Bruce Douglas: And you can get and they have a let's just say they even have a decent website. And many don't by the way, but let's pretend they do. You can get up to a certain level and almost do it organically relatively not cost free, but not even costing all that much. So you can get, I'll make a number of it, you can get up to your 500 or 1000 students, right? You got to that level. And you did it maybe without outside help, you go, "Wow, maybe this isn't so hard." But I think the next part is the hard part. Okay, you got the easy wins. How do you keep growing? And you want to, you say your master plan says it's going to grow 20% every year for the next 10 years. Really? I don't - that's where the hard part comes.

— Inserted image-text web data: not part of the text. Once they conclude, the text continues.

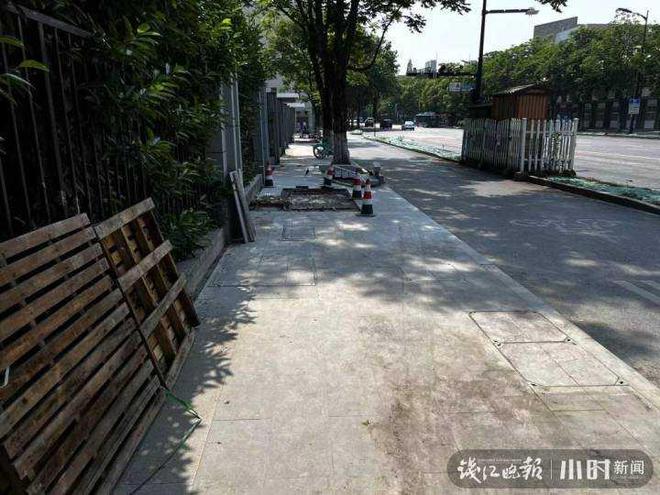 博鱼体育记者帮 杭州文三路人行道上的盲道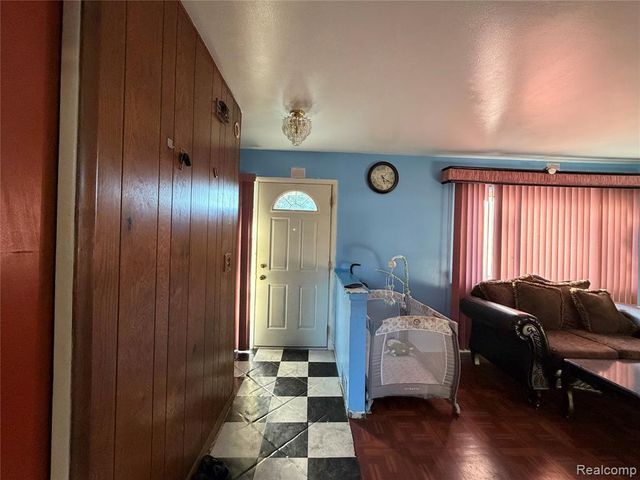 27226 Bradner Drive, Warren, MI 48088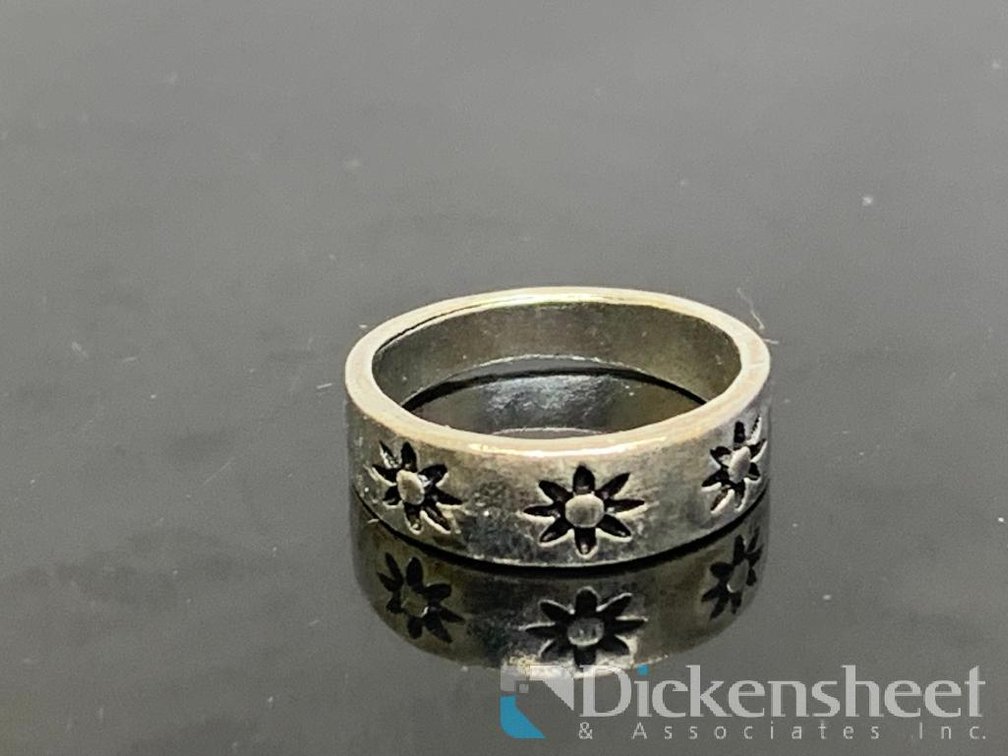 Silver Tone Women's Ring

And by the way, some schools do bring the talent in-house. I'm not going to sit here and go, it's impossible to do in-house. It is possible. I'm not - it's very hard to do it right. It's really, it's really hard, but it's not impossible. I'm not going to sit here and say it's not possible, but it's really hard. And I say most schools underestimate what it will take. Also, also they don't - I think everybody wants to achieve some level of scale. And what I find in input with a lot of nonprofit schools that I talk to is the definition of scale is very different. Like, you know, when I think scale, I think the University of Phoenix back in the day, that was scale. Like, how do you create scale? Well, you have to have the right partners to do it or else it doesn't work. You don't ever achieve the right scale, the right level of scale. So yeah, if you want to grow 5% a year or 7% a year, you might be able to do it. But that's not scale. That's not really going through great population growth. 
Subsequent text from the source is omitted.